What is stuttering?

Stuttering is a disorder of speech motor planning that affects the fluency of speech. The exact cause for stuttering is unknown, but research evidence suggests a genetic link, with 60% of people who stutter having a family history of it. Excitement or anxiety may increase/exacerbate stuttering behaviours but do not cause it.

Stuttering varies in severity (mild to severe) across individuals and is three times more likely to occur in boys than girls. It usually begins in the first 2-3 years of life and onset may be gradual or sudden. Onset typically occurs as children are starting to put words together into short sentences, between the ages of 2 to 5 years.
A recent study that followed a group of Australian infants found that by 36 months of age 8.5% of them had begun to stutter, and the figure was 12.2% by 48 months.  

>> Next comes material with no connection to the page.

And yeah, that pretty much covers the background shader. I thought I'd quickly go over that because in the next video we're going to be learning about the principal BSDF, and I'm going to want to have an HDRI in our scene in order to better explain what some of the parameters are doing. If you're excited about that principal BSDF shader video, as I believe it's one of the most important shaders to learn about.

Some children recover from stuttering naturally, although the exact rate of recovery and the average time taken to recover is not known. It is important to begin treatment of stuttering some time within 12 months of onset, and it is known that some children will have recovered without treatment by then. At present it is not possible to say whether an individual child will recover naturally or will require treatment.


Symptoms of stuttering

Stuttering may present as the following:

  • Repetitions – sounds (b-b-body); syllables (bo-bo-body); words (body-body-body); phrases (his body-his body-his body)
  • Prolongations of sounds (ssssssnake)
  • Blocks – uncontrolled stops/ being unable to get the word out
  • Hesitations – inappropriate silent intervals
  • Interjections – meaningless word insertions (um-um-snake; er-er-body)

Body and facial movements may accompany these stuttering behaviours e.g. poor eye contact, excessive blinking, jaw tremors, face grimacing and others.

Diagnosis of stuttering

Stuttering is different from normal speech/language development in children. Normal dysfluencies are part of a child’s language and speech development. As children are learning to talk, process language and express themselves more elaborately, they will have dysfluencies in speech.

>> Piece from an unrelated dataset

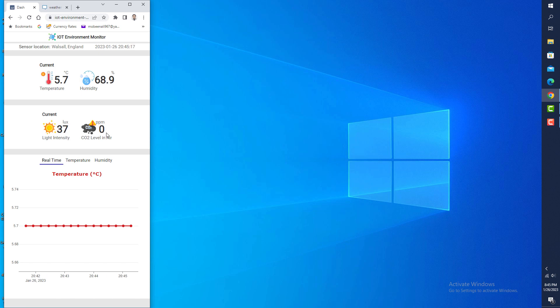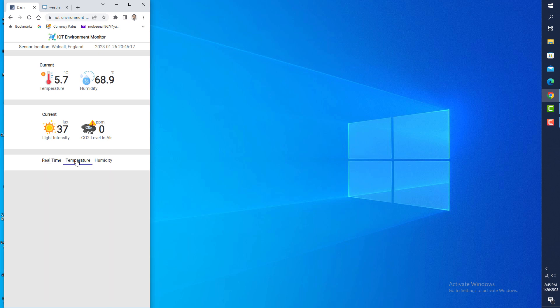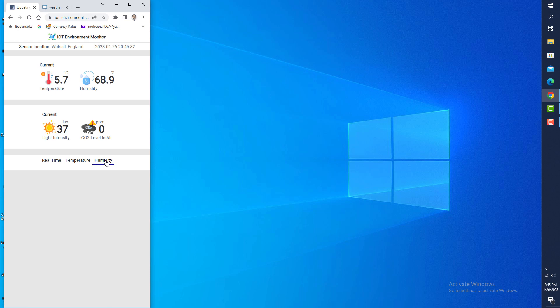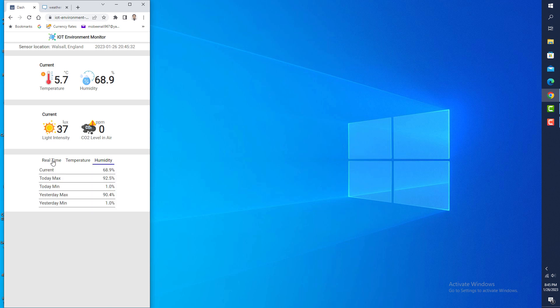I will also get a carbon dioxide value displayed here. This application uses tabs — there are three tabs in total. This first tab basically shows real-time data, specifically temperature.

Stuttering however, presents with higher number of dysfluencies, units of repetitions and word insertions, and different types of dysfluencies compared to normal dysfluencies. These can only be diagnosed by a trained and certified speech-language therapist.


An evaluation consists of a series of tests, observations, and interviews designed to estimate the child’s risk for continuing to stutter.

A speech therapist will do the following:

  • Note the number and types of speech disfluencies a person produces in various situations. 
  • Assess the ways in which the person reacts to and copes with disfluencies. T
  • Gather information about factors such as teasing that may make the problem worse.

A variety of other assessments (e.g., speech rate, language skills) may be completed as well, depending upon the person’s age and history.

Information about the person is then analyzed to determine whether a fluency disorder exists. If so, the extent to which it affects the ability to perform and participate in daily activities is determined.


Treatment for stuttering

Speech-language therapists work in collaboration with families to reduce the severity of stuttering to minimal levels as stuttering does not have a complete cure. Treatment programs for stuttering are usually “behavioural.” Parent involvement is necessary as they are trained by the speech-language therapist to provide intervention at home. Early intervention has shown to be most effective before the age of 7. Programs aimed at reducing stuttering in young children are the Lidcombe program, Syllable-timed speech, Extended Length Utterance and the Camperdown program.